*What the task asks*: Since the records include pictures, leave those out while you reproduce exactly and only the lines from the one containing "Hayesville, North Carolina, 28904, United" through the one containing "Dia de la Bici", inclusive.

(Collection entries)
####

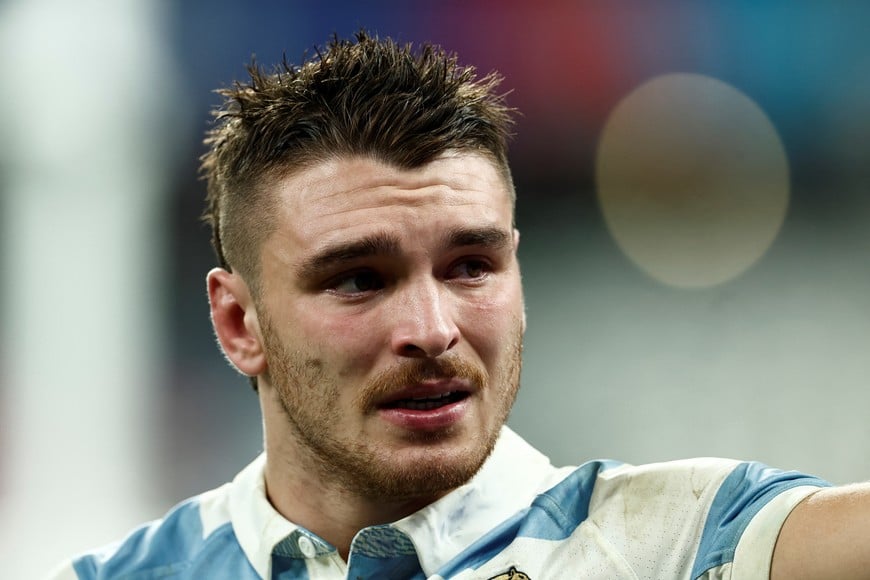 Rugby Union - Rugby World Cup 2023 - Semi Final - Argentina v New Zealand - Stade de France, Saint-Denis, France - October 20, 2023
Argentina's Mateo Carreras acknowledges the fans after the match as Argentina are eliminated from the World Cup REUTERS/Gonzalo Fuentes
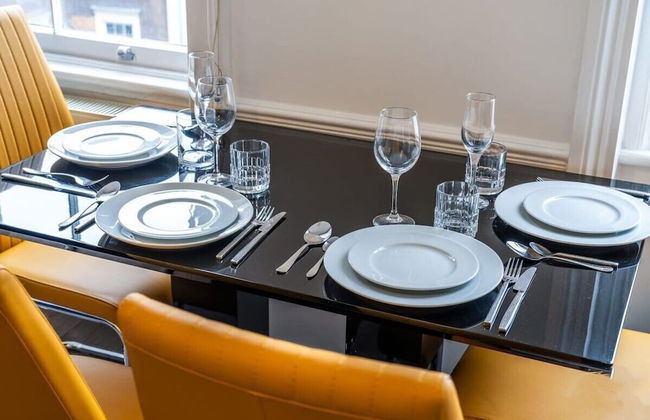 The Hertford Boutique - Photo 48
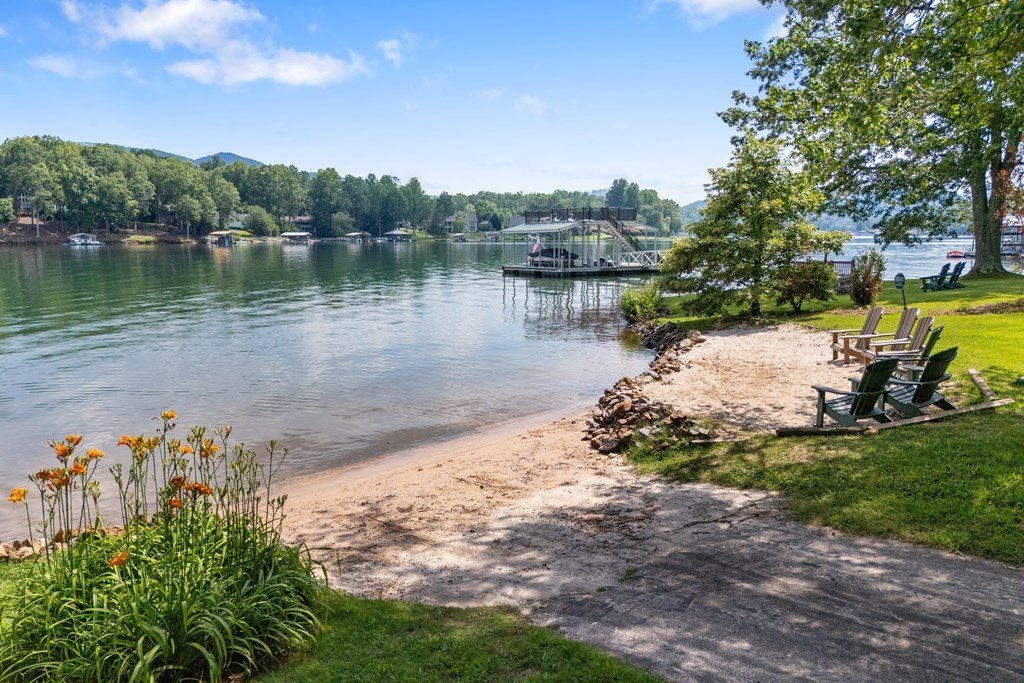 Hayesville, North Carolina, 28904, United States, 4 Bedrooms Bedrooms, ,3 BathroomsBathrooms,Residential,For Sale,1983096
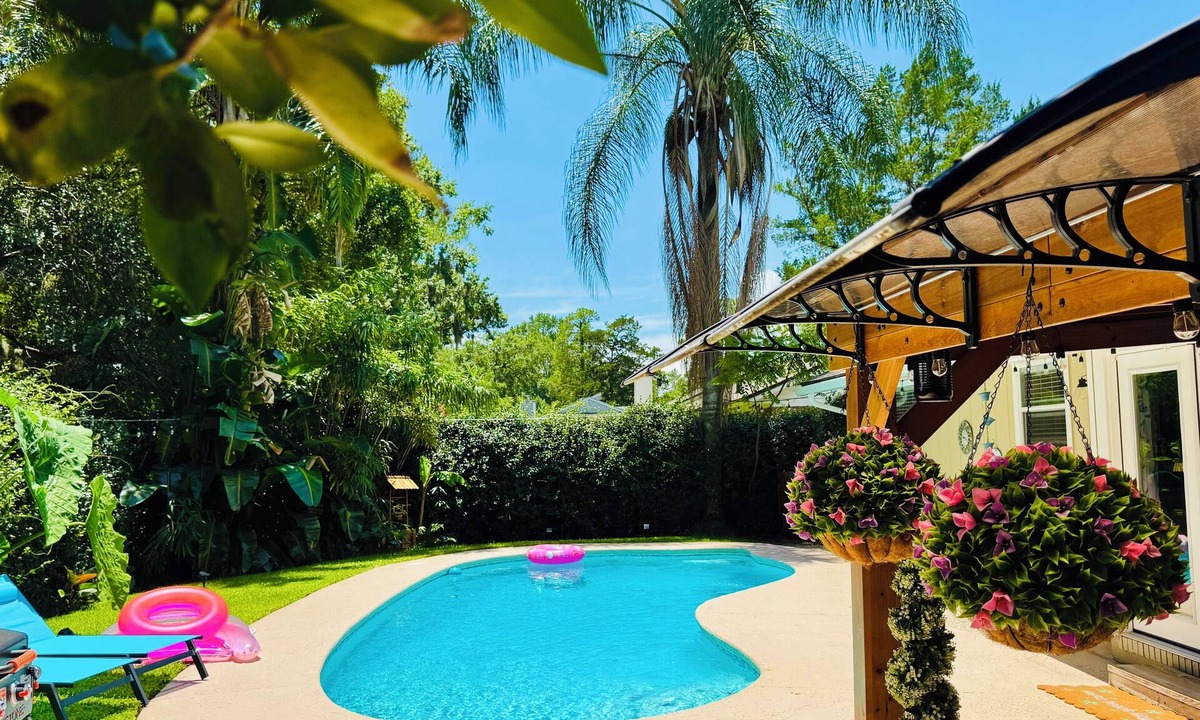 Southside House | Private Oasis: Pool & Garden Paradise, HotTub & Coffee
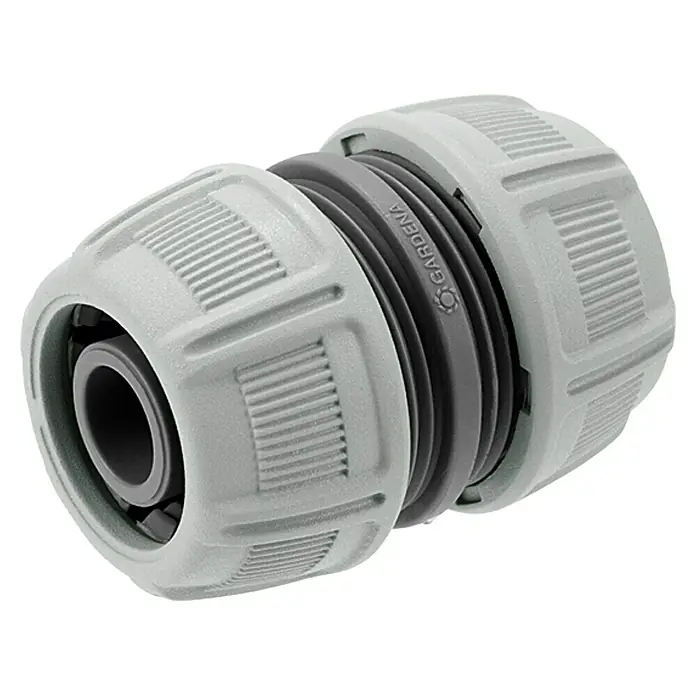 Gardena Reparator - Passend für: ¾″-Schläuche Ø 19 mm - Nahaufnahme einer Gardena-Schlauchkupplung aus grauem Kunststoff mit schwarzer Gummidichtung, die für eine sichere und wasserdichte Verbindung sorgt.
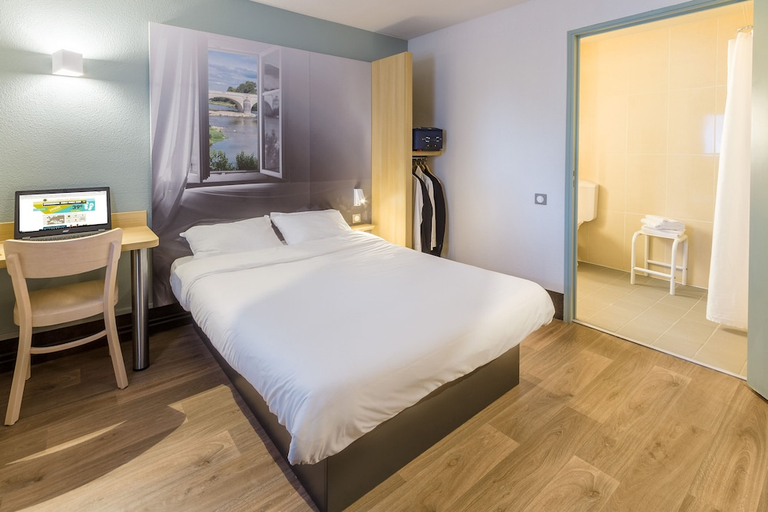 Bedroom 2, B&B Hotel Evry Lisses 1, Essonne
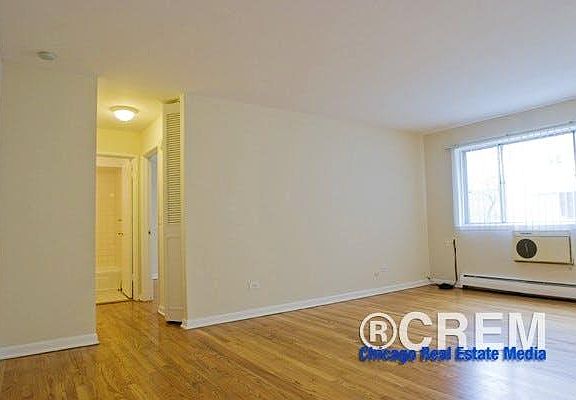 4th image of 1441 W Howard St APT 312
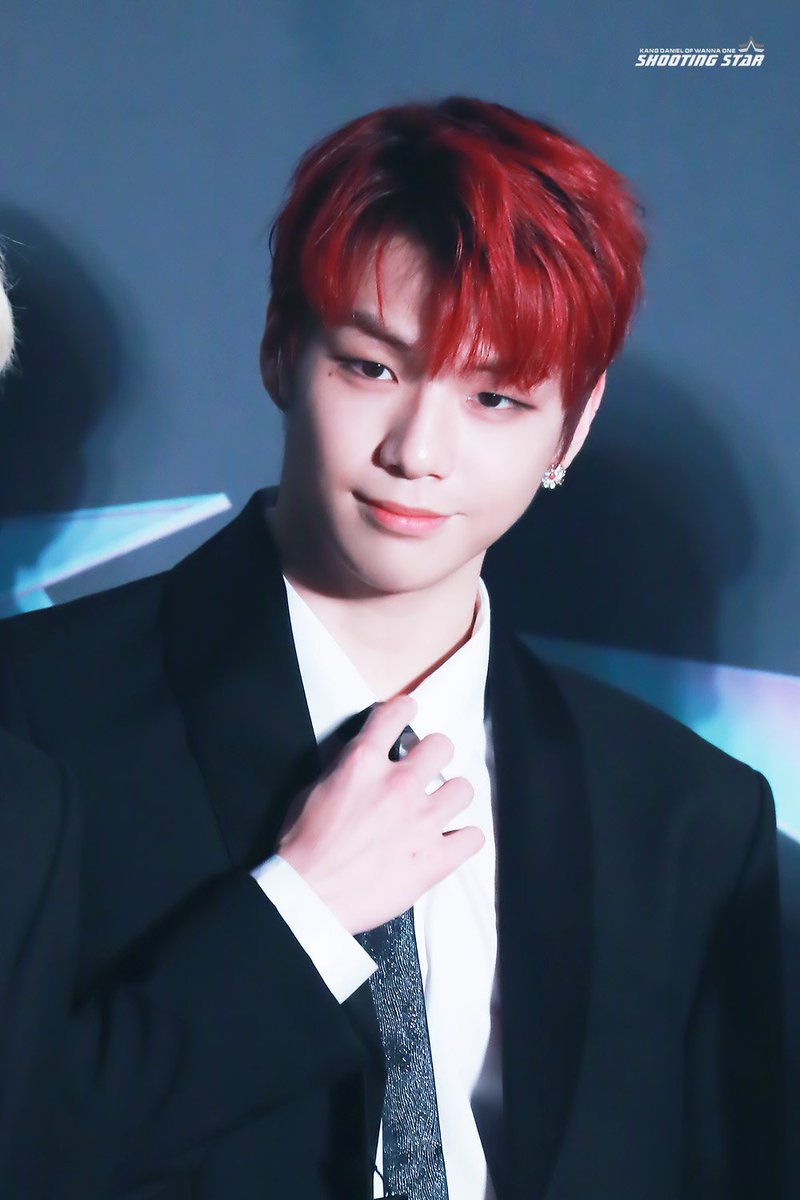 SS_961210's tweet photo. 181106 MGA Red Carpet #강다니엘 #Kangdaniel #워너원 #Wannaone https://t.co/89s9Je7i9j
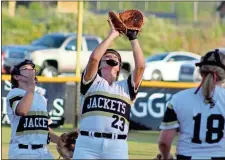  ?? Jeremy Stewart ?? Rockmart’s Sarah Beth Frasier (center) sets up to make the catch on an infield fly during Thursday’s game against Ringgold at Rockmart High School.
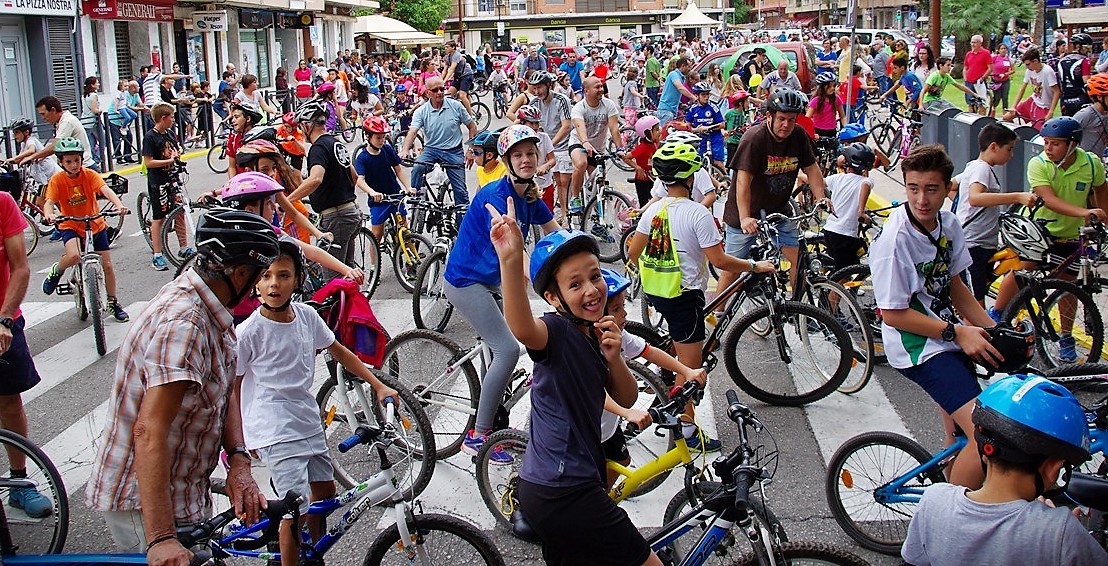 Dia de la Bici i Pilota al Carrer, activitats esportives a Canals per al 9 d'Octubre
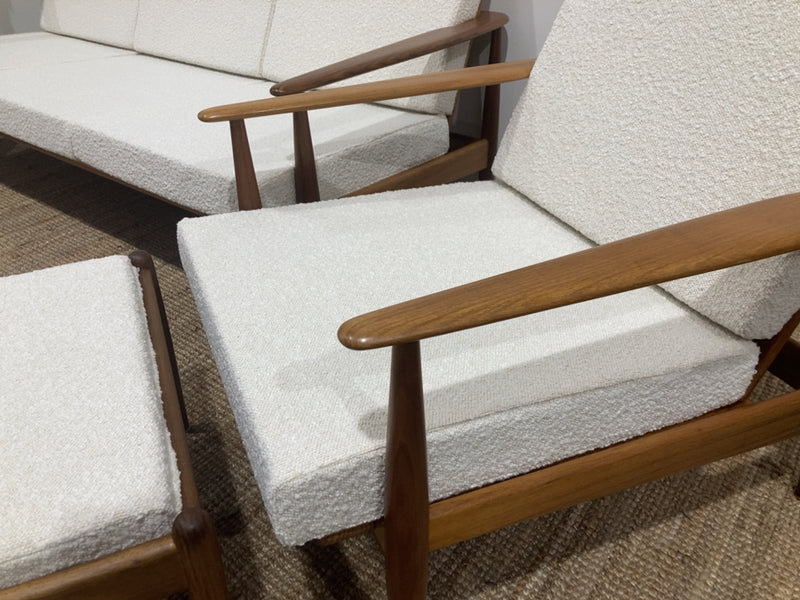 Parker wraparound rattan full set 3 seater couch pair of armchairs pair of ottomans genuine 1960s restored MCM boucle ivory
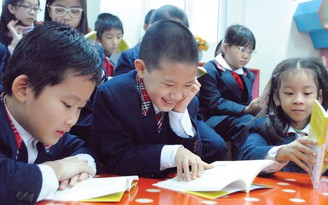Học sinh tiểu học say mê nghe Đại sứ Anh đọc sách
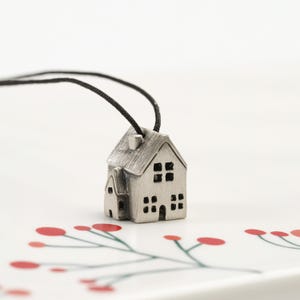Doll House Necklace, 3D Silver Jewelry, Sterling Silver House Shaped Miniature Necklace, Silver Home Pendant, Architect Girl Gift, Sims Gift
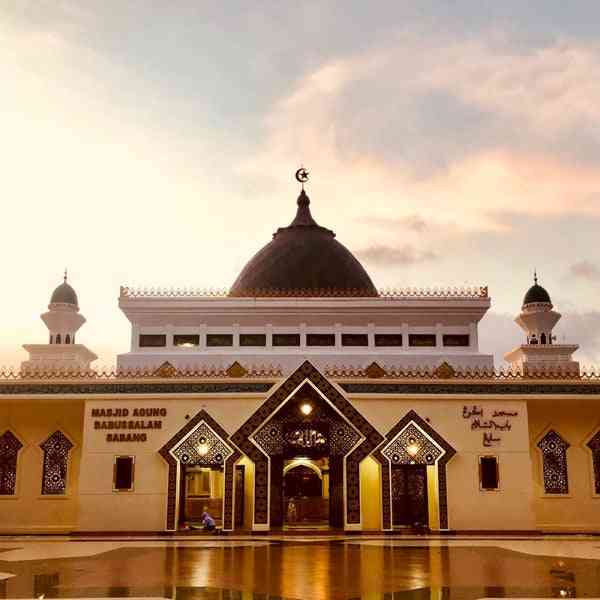 Mushola Al Uswatul Khasanah: Tempat Beribadah yang Menyatu dengan Kehidupan Sehari-hari di Cilacap
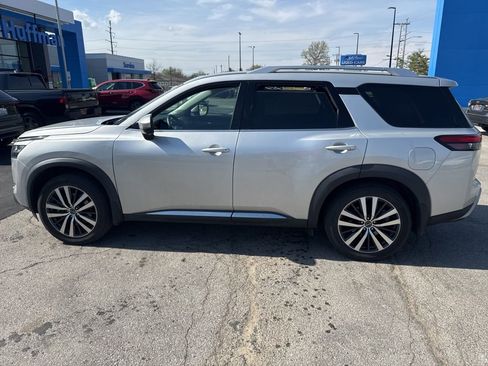 Used 2022 Nissan Pathfinder Platinum w/ Cargo Package image 8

####

*Solved exercise*:
 Hayesville, North Carolina, 28904, United States, 4 Bedrooms Bedrooms, ,3 BathroomsBathrooms,Residential,For Sale,1983096
 Southside House | Private Oasis: Pool & Garden Paradise, HotTub & Coffee
 Gardena Reparator - Passend für: ¾″-Schläuche Ø 19 mm - Nahaufnahme einer Gardena-Schlauchkupplung aus grauem Kunststoff mit schwarzer Gummidichtung, die für eine sichere und wasserdichte Verbindung sorgt.
 Bedroom 2, B&B Hotel Evry Lisses 1, Essonne
 4th image of 1441 W Howard St APT 312
 SS_961210's tweet photo. 181106 MGA Red Carpet #강다니엘 #Kangdaniel #워너원 #Wannaone https://t.co/89s9Je7i9j
  ?? Jeremy Stewart ?? Rockmart’s Sarah Beth Frasier (center) sets up to make the catch on an infield fly during Thursday’s game against Ringgold at Rockmart High School.
 Dia de la Bici i Pilota al Carrer, activitats esportives a Canals per al 9 d'Octubre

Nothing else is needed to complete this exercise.